If you thought it was time to start slowing down for the Christmas and New Year’s holiday, you may want to wait a little longer. Between a backlog of economic data and various agencies looking to get a jump on the holidays, there’s a lot of economic data on the calendar this morning. At 8:30, we’ll get the first read of Q3 GDP, Personal Consumption, GDP Price Index, Core PCE, and Durable Goods. Then at 9:15, we’ll get Industrial Production and Capacity Utilization. At 10 AM Eastern, the Richmond Fed will release its monthly update on business activity in the region for December, and the Conference Board will release its monthly Consumer Confidence. Finally, at 1 PM, we’ll get the weekly Baker Hughes Rig Count, which is normally a Friday report – on a Tuesday.
Ahead of the data deluge, equity futures are little changed but with a positive bias. Treasury yields are lower, with the 10-year yield down 2 bps and just under 4.15%. For all the concerns that the latest round of rate cuts would push longer-term rates higher, it really hasn’t happened. In the commodities space, crude oil and natural gas are trading fractionally higher, while metals prices are all up by at least 1% yet again.

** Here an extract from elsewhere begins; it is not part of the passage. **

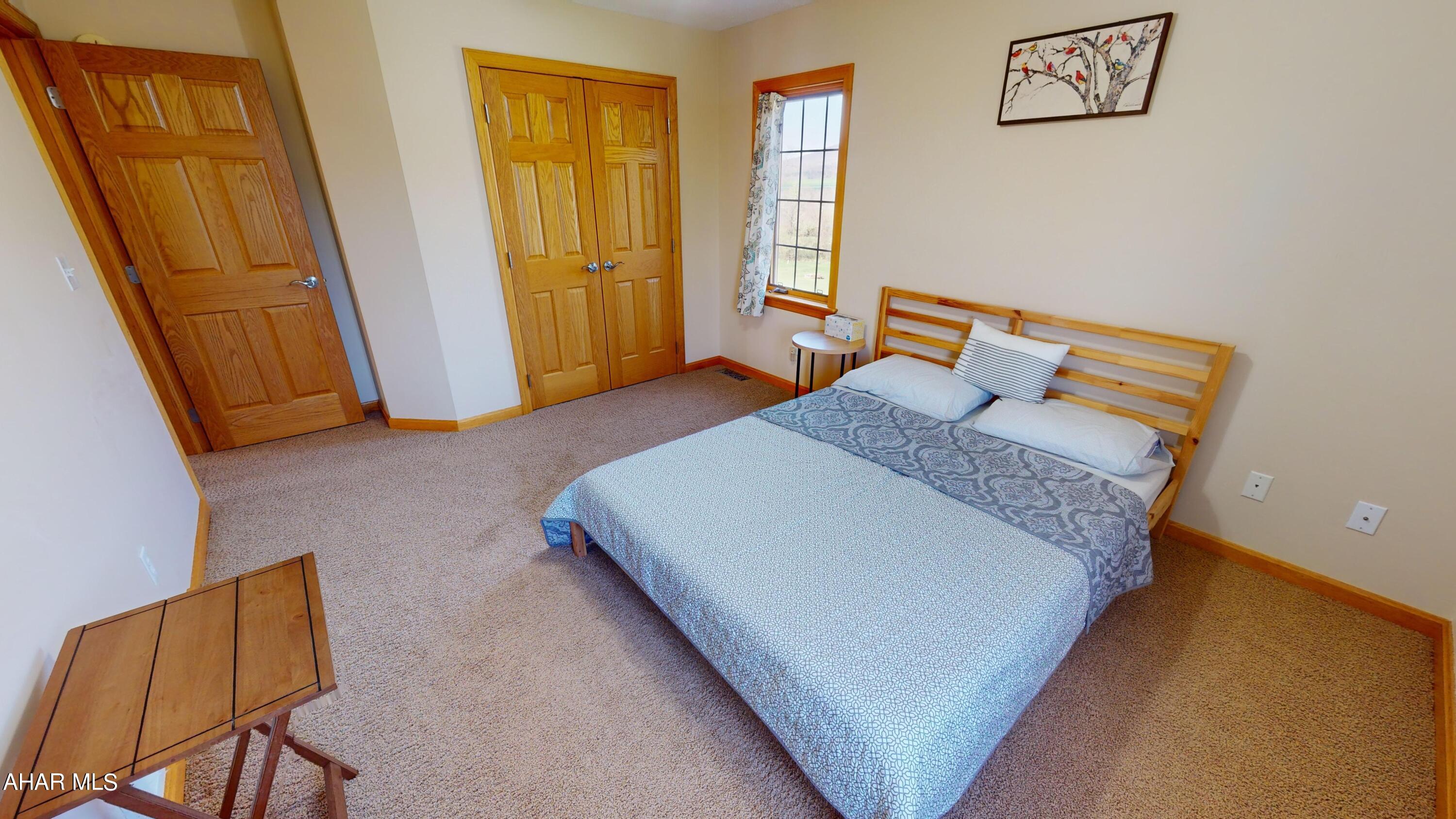 Scotch Valley - Residential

Finally, Bitcoin, which was once the asset that just couldn’t go down, has turned into the one asset class that can’t get out of its way as it trades down by about 1% in the low $87,000 range.

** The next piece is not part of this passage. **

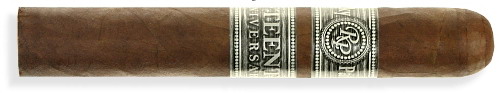 Rocky Patel 15th Anniversary Box Pressed Robusto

In Asia overnight, major averages were little changed, and the Nikkei was up just 2 bps. Other major indices weren’t much more volatile, as South Korea was the big mover with a gain of 0.3%. In Europe, it’s a similar story as the STOXX 600 is up 0.2% as those markets are already slowing down for the Christmas holiday.
As mentioned above, metal prices are leading the gains in commodity prices this morning, which has essentially been the case all year. As shown in the snapshot from our Trend Analyzer below, anything commodity-related that doesn’t hurt when it’s dropped on your head hasn’t had much of a year in 2025. The DB Agriculture Fund is down 3.4% in the last week, taking its YTD decline to 4.3% and putting it in extreme oversold territory. Oil prices have also declined over the last week and are down over 10% on the year. Metals prices have gone parabolic, though. While gold is ‘only’ up 69%, Platinum (PPLT) and Silver (SLV) are up pretty much twice that!
Below we show one-year charts of each of the five ETFs highlighted in the snapshot above. Starting with the soft commodities, DBA and DBO are both testing 52-week lows as we close out the year, although the weakness in DBA is a bit overstated, as yesterday’s decline was due to the ETF trading ex a 91-cent return of capital dividend. In any event, it hasn’t been a good year.
While the soft commodity ETFs are testing downside support, GLD broke above potential resistance at its late October high yesterday. Platinum and Silver were at similar junctures in the last few weeks, and once they finally broke out, they were off to the races. Will Gold follow?